Der Rechtsausschuss des Deutschen Bundestags plant für den 11.12.2006 eine öffentliche Anhörung zum Staatsziel Kultur. Diese Anhörung gehört zum parlamentarischen Verfahren der Behandlung des Gesetzesentwurfs der FDP-Bundestagsfraktion „Entwurf eines Gesetzes zur Änderung des Grundgesetzes (Staatsziel Kultur)“ Drucksache 16/387 (18.01.2006). Nach der ersten Lesung im Deutschen Bundestag wurde dieser Gesetzesentwurf an den Rechtsausschuss weiterverwiesen, der den Gesetzesentwurf federführend berät.

Die Enquete-Kommission des Deutschen Bundestags „Kultur in Deutschland“ hatte in ihrem Zwischenbericht im Juni 2005 dem Deutschen Bundestag die Handlungsempfehlung unterbreitet, das Staatsziel Kultur im Deutschen Bundestag zu verankern. Empfohlen wurde eine Ergänzung des Grundgesetzes um einen Artikel 20 b mit dem Wortlaut: „Der Staat schützt und fördert die Kultur.“ Dieser Handlungsempfehlung ging eine Anhörung führender Verfassungsrechtler voraus. In der Enquete-Kommission wurde das Für und Wider des Staatsziels Kultur sehr genau abgewogen. In der Anhörung kamen sowohl die Befürworter des Staatsziels Kultur zu Wort als auch die Gegner, so dass die Enquete-Kommission sich am Ende entscheiden musste, welche Argumentation sie sich zu eigen macht. Bemerkenswert an der Entscheidung der Enquete-Kommission ist, dass sie einstimmig gefasst wurde. Das heißt, alle fraktionsgebundenen Mitglieder der Enquete-Kommission wie auch die Sachverständigen fassten die Entscheidung, dem Deutschen Bundestags die oben genannte Ergänzung zum Grundgesetz vorzuschlagen.

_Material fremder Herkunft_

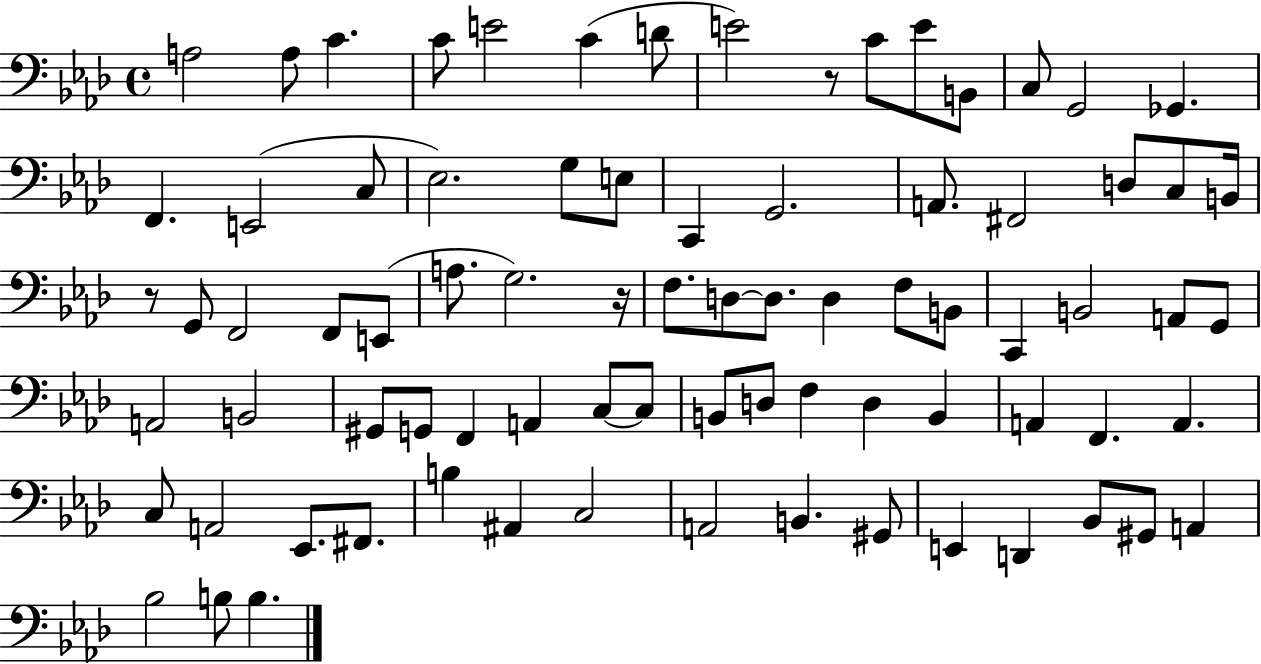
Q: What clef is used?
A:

In „politik und kultur“, der Zeitung des Deutschen Kulturrates, kamen in der Ausgabe 4/2005 die Befürworter und die Gegner des Staatsziels Kultur zu Wort. Autoren dieser Ausgabe waren die Verfassungsrechtler Peter Badura, Max-Emanuel Geis, Ulrich Karpen und Bodo Pieroth, die Bundestagsabgeordneten Eckhardt Barthel, Wolfgang Gerhardt und Angela Merkel sowie die Ministerpräsidenten Dieter Althaus, Ole von Beust, Peter Müller, Jürgen Rüttgers und Henning Scherf.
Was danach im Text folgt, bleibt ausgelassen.